D’autres formats éditoriaux sont exploités par la rédaction, comme la photo avec citation pour le réseau social Instagram. « Une photo peut être plus impactante qu’un article, mais il est important d’ajuster le format selon l’actualité qui est couverte. Sur le terrain, beaucoup de personnes m’ont demandé de ne pas montrer leur visage et d’angler la photo au niveau de leurs pieds », rapporte Thidiane, journaliste et photographe au Bondy Blog, qui s’est rendu le mercredi matin à Nanterre dans le quartier Pablo-Picasso, là où résidait Nahel. « Sur place, nous avons senti une défiance des médias traditionnels, et plus largement de la presse généraliste, et ce, avant même qu'on se présente en tant que journaliste », ajoute Thidiane.

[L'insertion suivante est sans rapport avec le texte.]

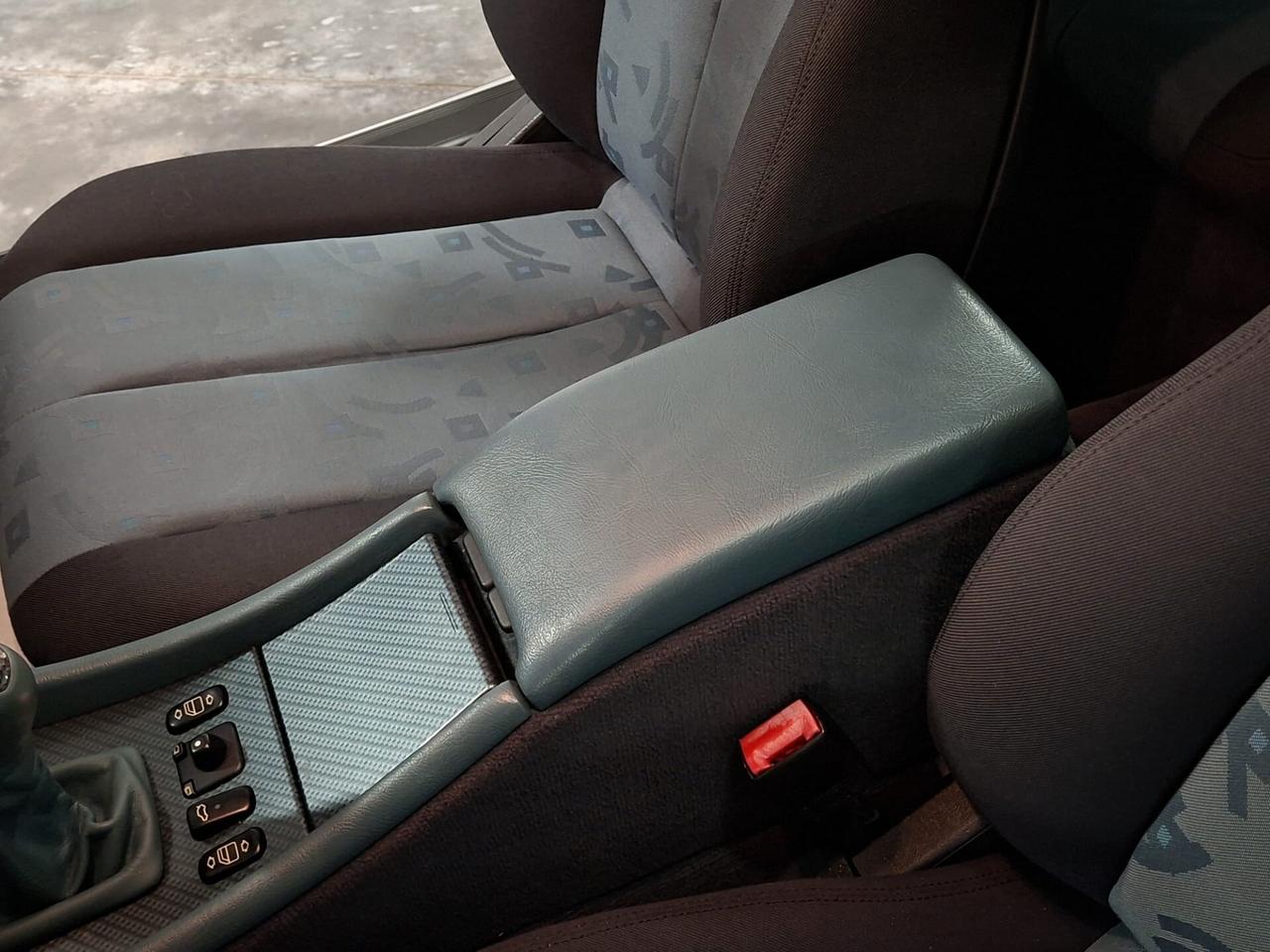 Mercedes-benz CLK 200 Kompressor 192CV Sport ASI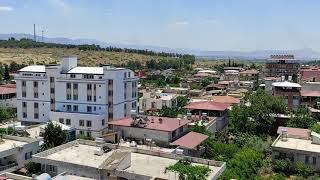 AKTEPE  (panoramik video)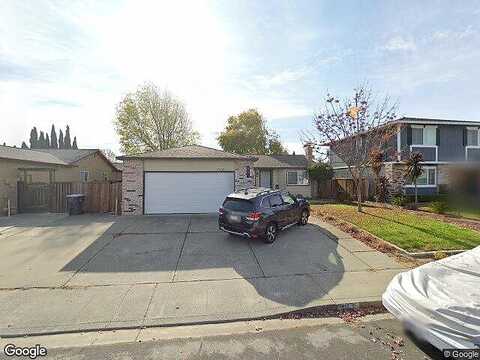 Decoy, SUISUN CITY, CA 94585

Au-delà des formats, le Bondy Blog mesure aussi le poids des mots. « Pour nous, le terme "émeute" est péjoratif car il animalise les personnes. Nous parlons plutôt de "révolte", car c’est un terme à caractère politique, et le sujet est politique », souligne la directrice de la rédaction.

Sarah Ichou et Héléna Berkaoui ont été sollicitées par divers médias français et étrangers, dont France 24 et le quotidien généraliste suisse Le Temps. « Il est nécessaire d’accorder une séquence médiatique aux révoltes urbaines, mais les quartiers ne doivent pas être traités que lorsqu’ils brûlent. Les habitants des quartiers doivent aussi être inclus dans d’autres sujets d’actualité, comme l’inflation par exemple », déplore Sarah Ichou.